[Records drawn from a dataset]

▼▼▼

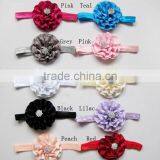Glitter Flower Baby Headband, Baby Party Wear Headband thumbnail-2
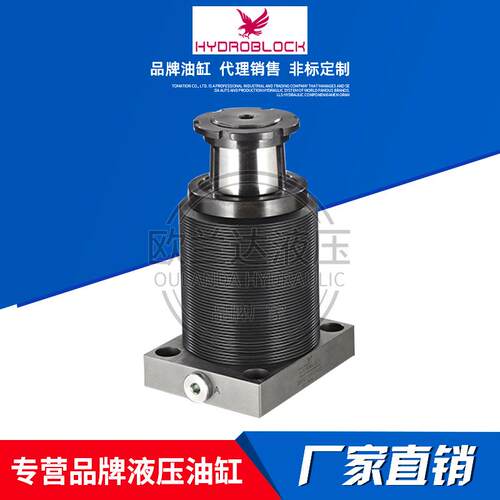 HYDROBLOCK支撑油缸夹紧器螺纹体油缸CF40-15-B连杆式夹紧缸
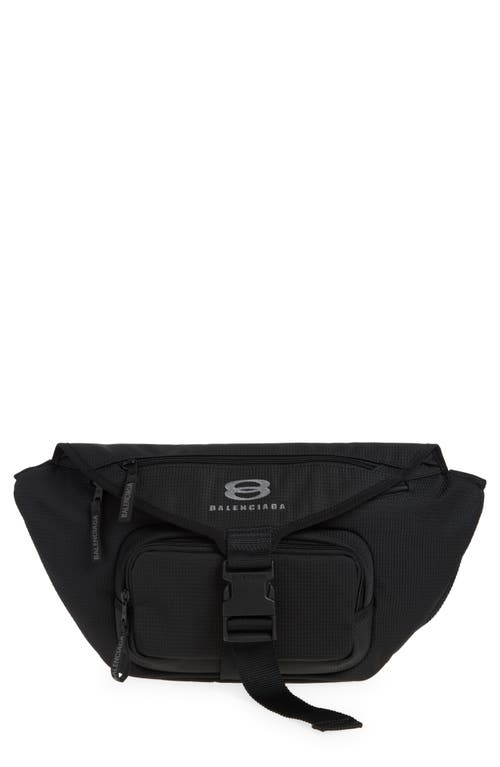 Shop Balenciaga Unity Sports Icon Belt Bag In Black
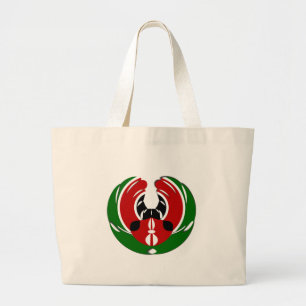 Bolso De Tela Gigante Hermoso tapiz keniano: mariposa de bandera keniana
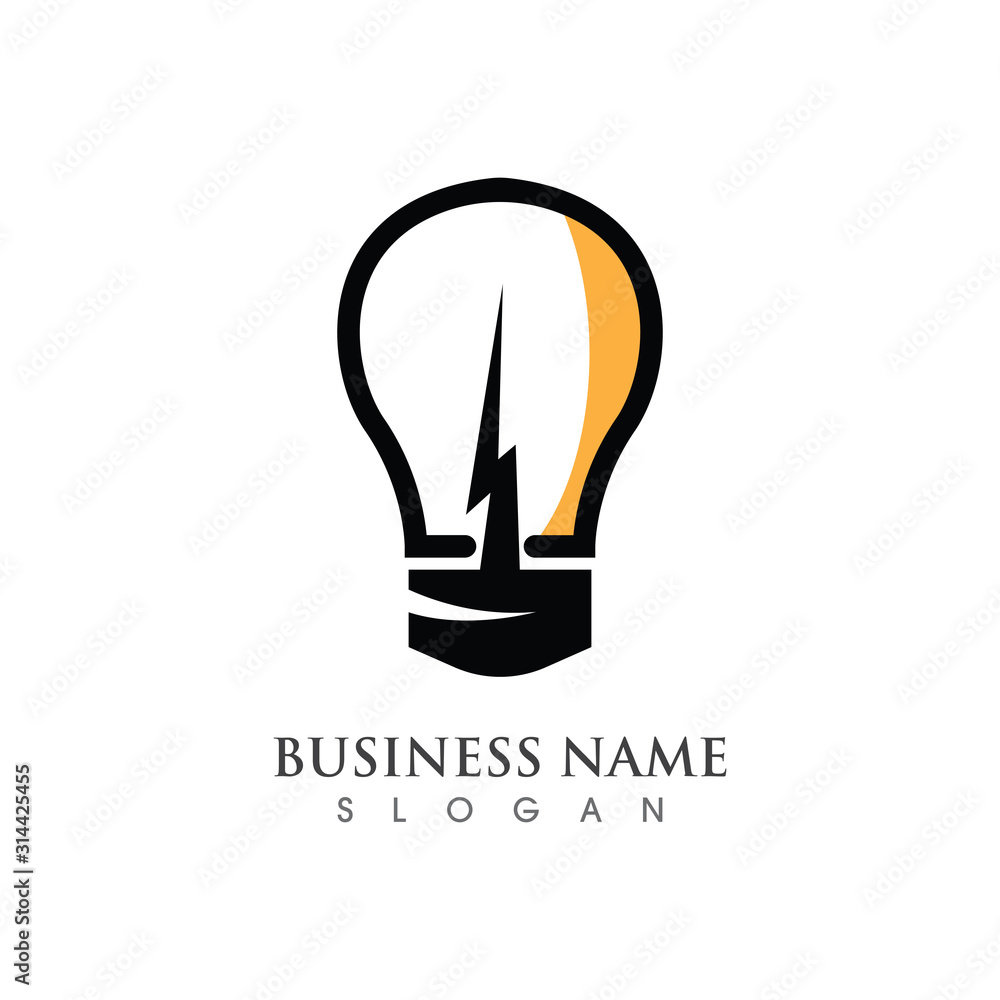 Light bulb creative Logo symbol vector template design Light bulb creative Logo symbol vector template design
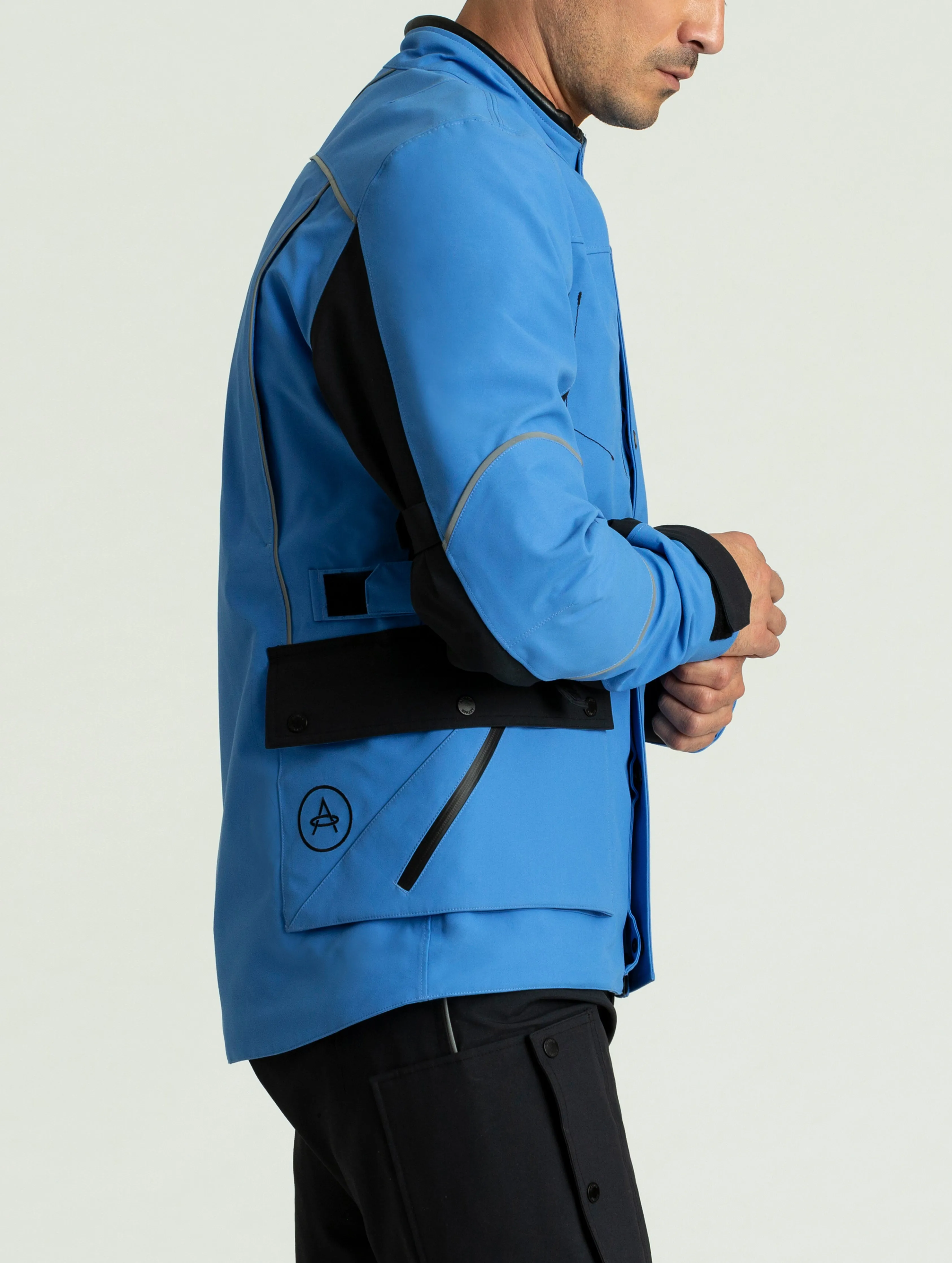 Divide Motorcycle Jacket - Blue Streak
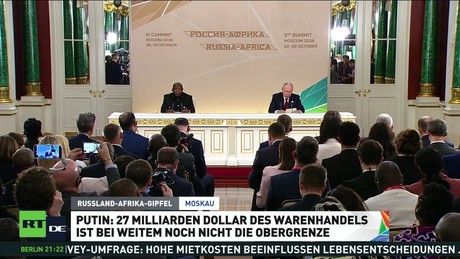 Russland-Afrika-Gipfel beendet: Putin kündigt Ausbau der Handelsbeziehungen an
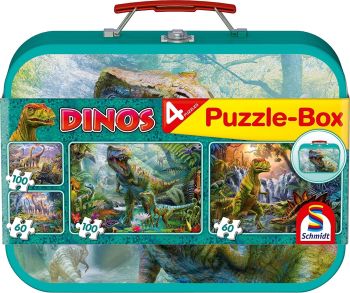 SCM56495 - 2 Puzzles mit 60 Teilen und 2 Puzzles mit 100 Teilen - DINOSAURES.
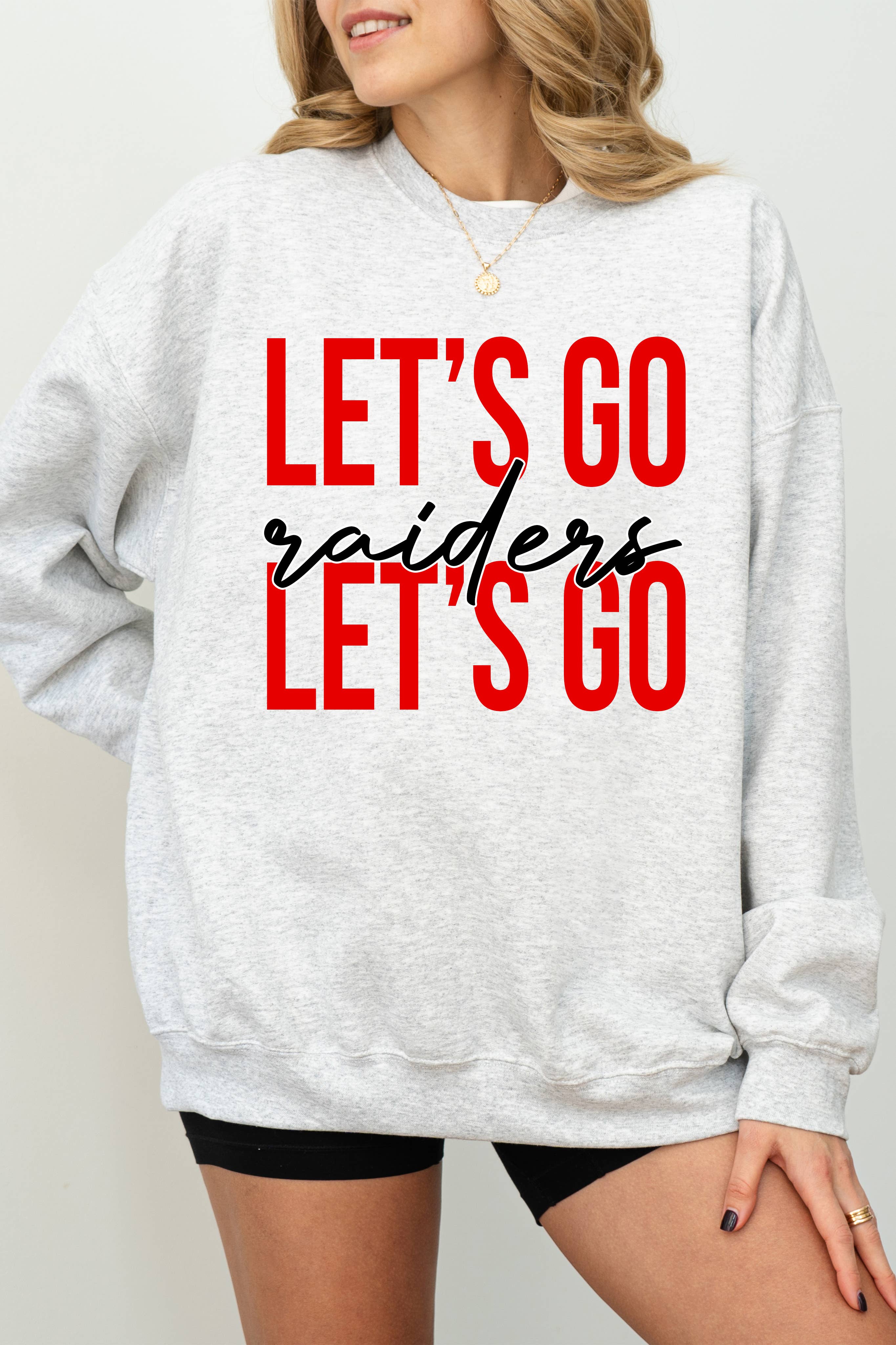 Spirit+Tribe - Wholesale Graphic Sweatshirt - Women's - CUSTOM LET'S GO1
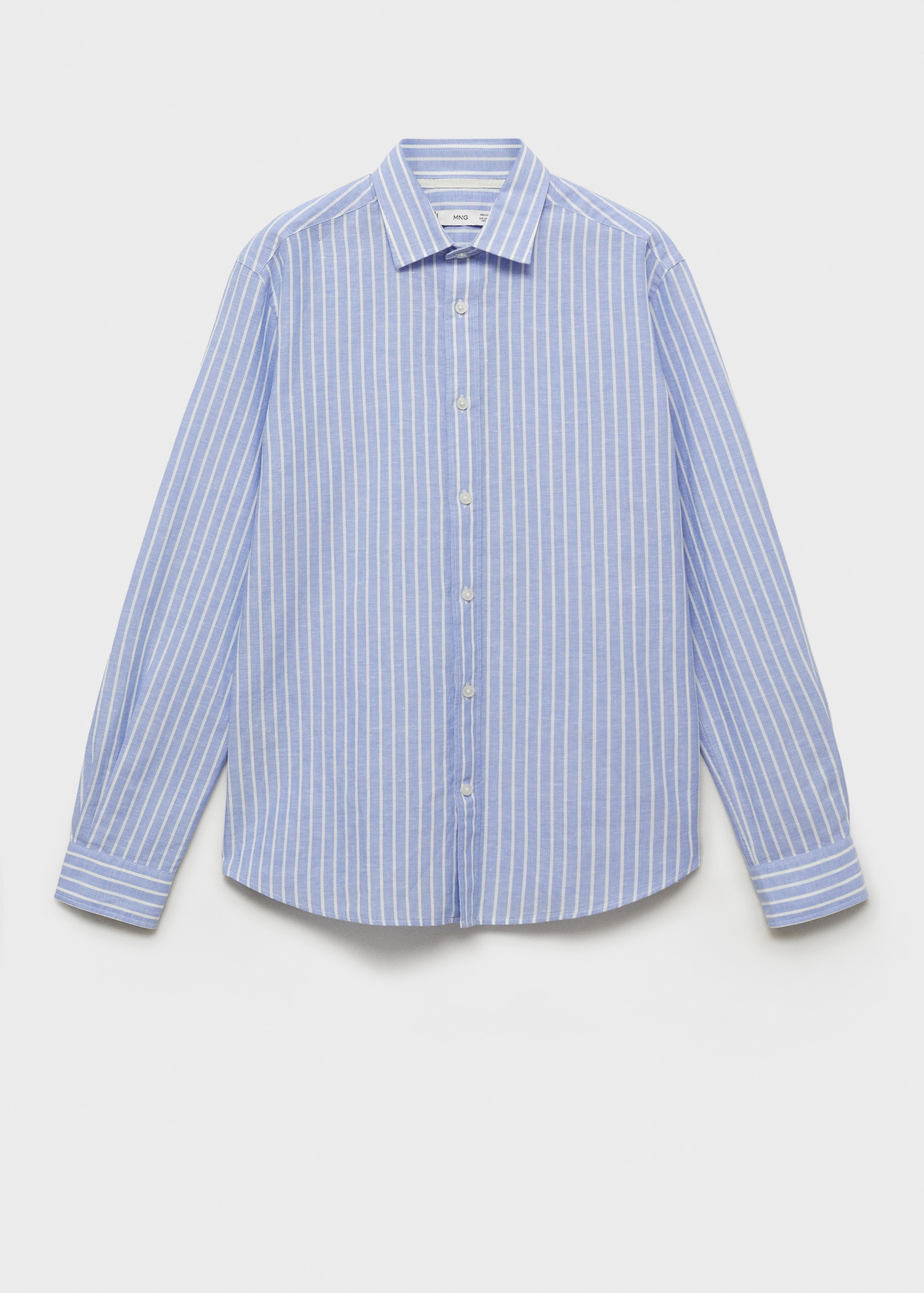 Striped cotton linen shirt - Article without model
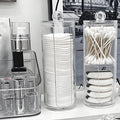 Hot Products Multifunctional Transparent Plastic Cosmetic Cotton Pads Storage Jar Makeup Organizer and Cosmetic Organiser
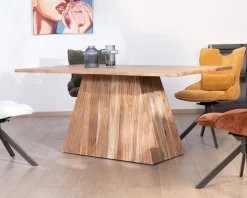 Table de repas 175 cm design "Elki" en acacia avec pied central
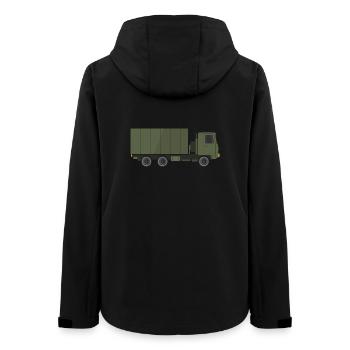 Militär-LKW - Frauen Recycelte Softshelljacke von Stanley/Stella - Schwarz - Hinten - AI Model Female 172 light (172cm)
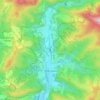 Пластунка topographic map, elevation, terrain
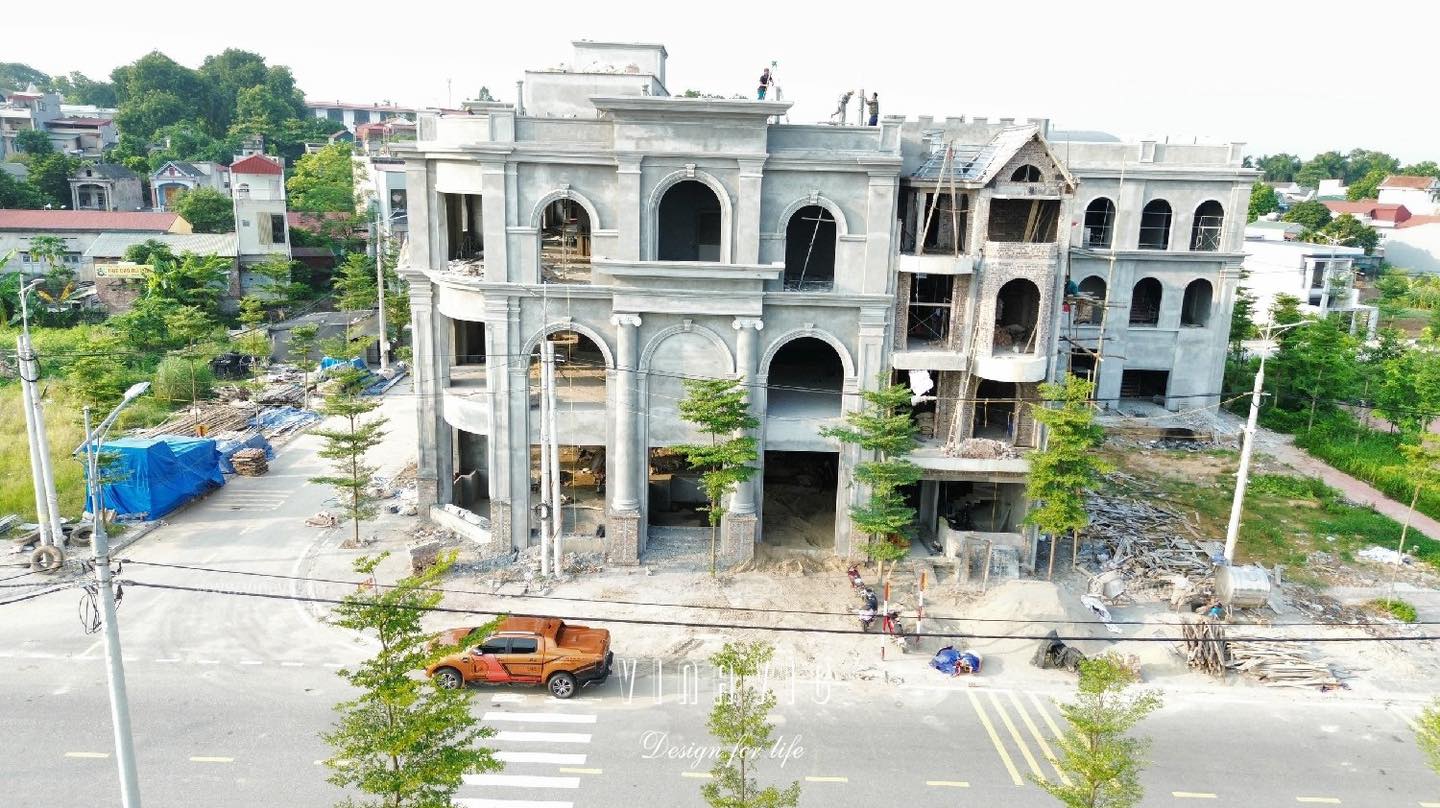 Thi công trung tâm tiệc cưới sang trọng tân cổ điển 1350m2 TCBT2240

▲▲▲

Work instructions. Leaving pictures out, output the lines of the data above from the one with "HYDROBLOCK支撑油缸夹紧器螺纹体油缸CF40-15-B连杆式夹紧缸" through the one with "Hot Products Multifunctional", word for word.

Worked solution.
 HYDROBLOCK支撑油缸夹紧器螺纹体油缸CF40-15-B连杆式夹紧缸
 Shop Balenciaga Unity Sports Icon Belt Bag In Black
 Bolso De Tela Gigante Hermoso tapiz keniano: mariposa de bandera keniana
 Light bulb creative Logo symbol vector template design Light bulb creative Logo symbol vector template design
 Divide Motorcycle Jacket - Blue Streak
 Russland-Afrika-Gipfel beendet: Putin kündigt Ausbau der Handelsbeziehungen an
 SCM56495 - 2 Puzzles mit 60 Teilen und 2 Puzzles mit 100 Teilen - DINOSAURES.
 Spirit+Tribe - Wholesale Graphic Sweatshirt - Women's - CUSTOM LET'S GO1
 Striped cotton linen shirt - Article without model
 Hot Products Multifunctional Transparent Plastic Cosmetic Cotton Pads Storage Jar Makeup Organizer and Cosmetic Organiser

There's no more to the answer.